Il y a tout au long de la pièce une insistance sur le corps à travers le vieillissement, mais aussi le sang, les excréments, les odeurs… Pourquoi cela?

Parce que nous voulions être au plus près de la vérité, rendre compte de la vérité des corps avec leurs faiblesses, leurs fragilités, leurs déficiences, leurs vulnérabilités. Mais en même temps, il fallait que ça reste beau. Il ne faut pas avoir peur de montrer ce que l’on ne voit pas habituellement, l’intimité des personnes, la crudité de certaines choses, mais d’une façon qui reste quand même pudique et respectueuse. Car tout cela constitue notre humanité commune.

Tout au long de la pièce, les personnages sont dans l’attente. Attente du fils qui ne vient jamais, que ce soit à travers les fausses couches ou plus tard, parce qu’il s’en va et ne vient plus voir ses parents.

L’attente caractérise en effet tant de moments, tant d’étapes de nos vies. Et ici, elle fait ressortir la solitude des êtres. Mais attendre, c’est aussi garder espoir, donc l’attente est porteuse d’énergie et de vie. Et puis cette histoire de fils qui ne vient jamais, ça permet aussi d’aborder l’ingratitude des enfants, qui font souffrir leurs parents et souvent ne s’en rendent même pas compte.

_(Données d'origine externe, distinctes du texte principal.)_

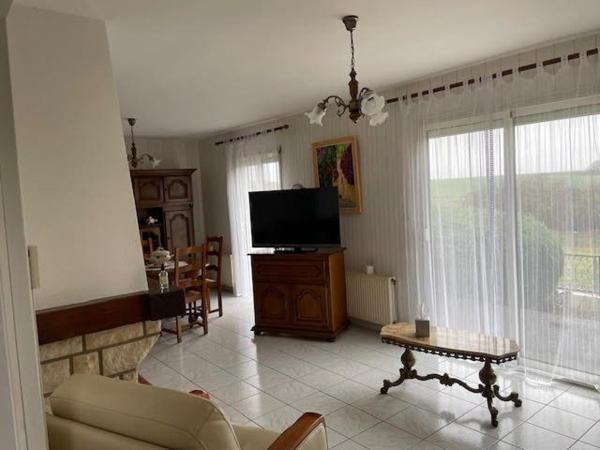 Pavillon sur sous sol 3 chambres à Cerilly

La guerre est au cœur de la pièce, surtout à travers l’épisode de la mort de Brahim, et en même temps, elle est peu présente. N’est-ce pas paradoxal?

Non, pas vraiment, parce que le vrai sujet de la pièce, c’est le couple et pas la guerre. Notre sujet, c’est la relation, l’histoire d’amour entre ces êtres qui se disputent, sont souvent en désaccord, mais s’aiment vraiment et jusqu’au bout, envers et contre tout.

Quel état d’esprit avez-vous envie de susciter dans le public? Votre objectif est-il principalement de divertir les spectateurs ou bien voudriez-vous que la pièce provoque une réflexion, un débat? 

Nous avons surtout envie de raconter une histoire. D’emmener les spectateurs dans un voyage émotionnel. Nous ne nous adressons pas à la réflexion, mais au cœur de chacun. Notre intention essentielle est celle-ci: partager des émotions. Et que ces émotions provoquent peut-être un petit choc intime; il appartiendra au spectateur d’en faire quelque chose, peut-être.